The other one is a broken marked dove.


----------



## Lizzle (Apr 7, 2010)

Wow, your mice are stunning! I am in love with the rexes! :lol:

Where and when is this Rodent Fest? I've never heard of it.


----------



## Rhasputin (Feb 21, 2010)

Rodent fest is in Leesport PA. There's one coming up on October 2nd. 
It's a 4 hour drive for me, which isn't bad.


----------



## moustress (Sep 25, 2009)

Where the pictures are too large, the frame of the thread is also too large, at least on my screen...


----------



## MyBoyKurtis (May 17, 2010)

Oh  Well I just absolutly adore that dove. Shes gorgeous :3 Good job ^_^


----------



## Jack Garcia (Oct 9, 2009)

Rodentfest can be talked about on MOUSE (the Yahoo! group) or on other American forums (I can PM you the links if you'd like).

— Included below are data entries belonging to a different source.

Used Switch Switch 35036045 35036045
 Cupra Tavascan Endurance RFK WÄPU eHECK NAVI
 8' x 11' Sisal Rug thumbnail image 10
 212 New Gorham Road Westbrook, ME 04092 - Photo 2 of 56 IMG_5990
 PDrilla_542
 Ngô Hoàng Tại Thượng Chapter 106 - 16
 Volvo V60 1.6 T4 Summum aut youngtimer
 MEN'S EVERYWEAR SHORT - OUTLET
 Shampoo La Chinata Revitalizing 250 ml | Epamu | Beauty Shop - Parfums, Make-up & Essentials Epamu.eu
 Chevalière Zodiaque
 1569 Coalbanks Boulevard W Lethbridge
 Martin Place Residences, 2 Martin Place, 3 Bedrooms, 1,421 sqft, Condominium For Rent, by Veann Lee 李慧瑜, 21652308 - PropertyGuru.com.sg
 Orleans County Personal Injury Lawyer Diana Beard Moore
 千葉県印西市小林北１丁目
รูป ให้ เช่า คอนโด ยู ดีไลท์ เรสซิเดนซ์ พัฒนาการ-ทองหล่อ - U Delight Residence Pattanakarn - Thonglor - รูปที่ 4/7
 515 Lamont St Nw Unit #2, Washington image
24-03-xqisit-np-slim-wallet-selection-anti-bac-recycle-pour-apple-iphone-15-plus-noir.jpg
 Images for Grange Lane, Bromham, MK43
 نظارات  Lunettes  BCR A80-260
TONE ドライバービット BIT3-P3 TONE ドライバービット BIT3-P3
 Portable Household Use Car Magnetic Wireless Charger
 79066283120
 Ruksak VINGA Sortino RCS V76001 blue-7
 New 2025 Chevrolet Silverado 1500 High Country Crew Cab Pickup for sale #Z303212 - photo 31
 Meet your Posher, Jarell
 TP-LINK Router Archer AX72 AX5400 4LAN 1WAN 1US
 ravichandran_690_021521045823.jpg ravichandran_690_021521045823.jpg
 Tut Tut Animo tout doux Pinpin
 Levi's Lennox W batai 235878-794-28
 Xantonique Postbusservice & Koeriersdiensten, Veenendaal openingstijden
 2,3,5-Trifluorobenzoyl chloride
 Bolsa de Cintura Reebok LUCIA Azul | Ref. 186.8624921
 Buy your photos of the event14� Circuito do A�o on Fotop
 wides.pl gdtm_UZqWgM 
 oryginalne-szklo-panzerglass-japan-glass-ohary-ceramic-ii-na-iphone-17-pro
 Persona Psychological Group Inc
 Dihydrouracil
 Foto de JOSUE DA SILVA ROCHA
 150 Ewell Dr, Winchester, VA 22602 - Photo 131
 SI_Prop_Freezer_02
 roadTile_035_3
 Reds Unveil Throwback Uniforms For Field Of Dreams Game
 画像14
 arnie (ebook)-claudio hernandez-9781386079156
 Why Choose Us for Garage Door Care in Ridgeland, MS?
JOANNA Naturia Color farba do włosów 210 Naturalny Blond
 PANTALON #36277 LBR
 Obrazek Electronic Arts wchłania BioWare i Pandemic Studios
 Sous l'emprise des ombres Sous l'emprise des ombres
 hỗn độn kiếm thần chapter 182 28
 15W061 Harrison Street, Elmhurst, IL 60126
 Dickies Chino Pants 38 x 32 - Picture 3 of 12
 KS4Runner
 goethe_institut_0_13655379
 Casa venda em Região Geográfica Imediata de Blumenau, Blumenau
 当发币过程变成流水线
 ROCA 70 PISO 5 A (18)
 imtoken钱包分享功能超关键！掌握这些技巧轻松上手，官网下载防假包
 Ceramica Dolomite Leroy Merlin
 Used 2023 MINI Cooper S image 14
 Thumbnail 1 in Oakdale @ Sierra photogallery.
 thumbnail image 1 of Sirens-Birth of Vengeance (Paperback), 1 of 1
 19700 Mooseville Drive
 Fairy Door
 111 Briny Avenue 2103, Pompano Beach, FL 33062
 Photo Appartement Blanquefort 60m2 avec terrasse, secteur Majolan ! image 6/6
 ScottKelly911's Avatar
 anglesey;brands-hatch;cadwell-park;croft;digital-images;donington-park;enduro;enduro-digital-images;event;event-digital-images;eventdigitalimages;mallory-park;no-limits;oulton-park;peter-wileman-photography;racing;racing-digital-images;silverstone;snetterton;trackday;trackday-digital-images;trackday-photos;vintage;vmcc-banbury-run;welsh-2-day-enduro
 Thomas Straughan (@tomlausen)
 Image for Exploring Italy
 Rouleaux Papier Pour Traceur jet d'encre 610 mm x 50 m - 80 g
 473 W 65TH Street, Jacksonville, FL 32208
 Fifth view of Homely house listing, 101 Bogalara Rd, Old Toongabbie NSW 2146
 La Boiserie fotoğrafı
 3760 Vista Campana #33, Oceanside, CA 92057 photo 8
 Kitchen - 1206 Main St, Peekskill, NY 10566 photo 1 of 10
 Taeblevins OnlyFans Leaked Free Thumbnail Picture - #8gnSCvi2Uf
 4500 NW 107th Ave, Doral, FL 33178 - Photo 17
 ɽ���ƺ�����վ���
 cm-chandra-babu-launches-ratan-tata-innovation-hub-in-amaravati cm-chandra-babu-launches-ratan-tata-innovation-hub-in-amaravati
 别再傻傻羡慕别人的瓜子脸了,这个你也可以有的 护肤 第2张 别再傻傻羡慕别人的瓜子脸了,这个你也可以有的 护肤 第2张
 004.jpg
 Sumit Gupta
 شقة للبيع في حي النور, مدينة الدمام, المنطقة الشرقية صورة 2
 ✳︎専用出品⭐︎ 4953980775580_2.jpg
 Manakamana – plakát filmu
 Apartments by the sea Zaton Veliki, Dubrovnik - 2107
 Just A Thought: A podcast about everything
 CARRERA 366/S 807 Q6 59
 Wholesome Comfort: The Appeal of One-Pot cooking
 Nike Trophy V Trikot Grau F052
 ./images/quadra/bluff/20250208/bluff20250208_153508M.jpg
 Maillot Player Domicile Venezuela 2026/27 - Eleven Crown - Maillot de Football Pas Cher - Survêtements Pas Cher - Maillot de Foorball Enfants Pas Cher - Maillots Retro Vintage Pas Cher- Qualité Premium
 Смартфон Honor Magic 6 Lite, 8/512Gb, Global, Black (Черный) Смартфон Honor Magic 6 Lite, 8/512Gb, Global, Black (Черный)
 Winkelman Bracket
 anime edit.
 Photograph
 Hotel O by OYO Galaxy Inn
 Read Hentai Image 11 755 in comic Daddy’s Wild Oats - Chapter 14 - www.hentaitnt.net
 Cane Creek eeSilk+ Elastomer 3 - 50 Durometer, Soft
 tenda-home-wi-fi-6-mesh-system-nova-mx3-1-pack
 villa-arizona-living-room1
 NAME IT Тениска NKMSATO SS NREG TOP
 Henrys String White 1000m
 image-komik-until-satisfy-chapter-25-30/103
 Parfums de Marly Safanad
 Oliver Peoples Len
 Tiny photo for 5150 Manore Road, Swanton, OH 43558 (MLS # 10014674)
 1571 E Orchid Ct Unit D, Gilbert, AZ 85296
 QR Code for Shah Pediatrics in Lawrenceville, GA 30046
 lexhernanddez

I may not be able to come to this upcoming fall fest, but I will try to send a representative with mice for people, if at all possible.


----------



## MyBoyKurtis (May 17, 2010)

Well, someone I know hast to come or else Im going to be just wandering around aimlessly :3!


----------



## Jack Garcia (Oct 9, 2009)

Jenny (WNTMousery), Kadee (TREK), Stina (CSB), and others are usually there.


----------



## MyBoyKurtis (May 17, 2010)

Awesome!


----------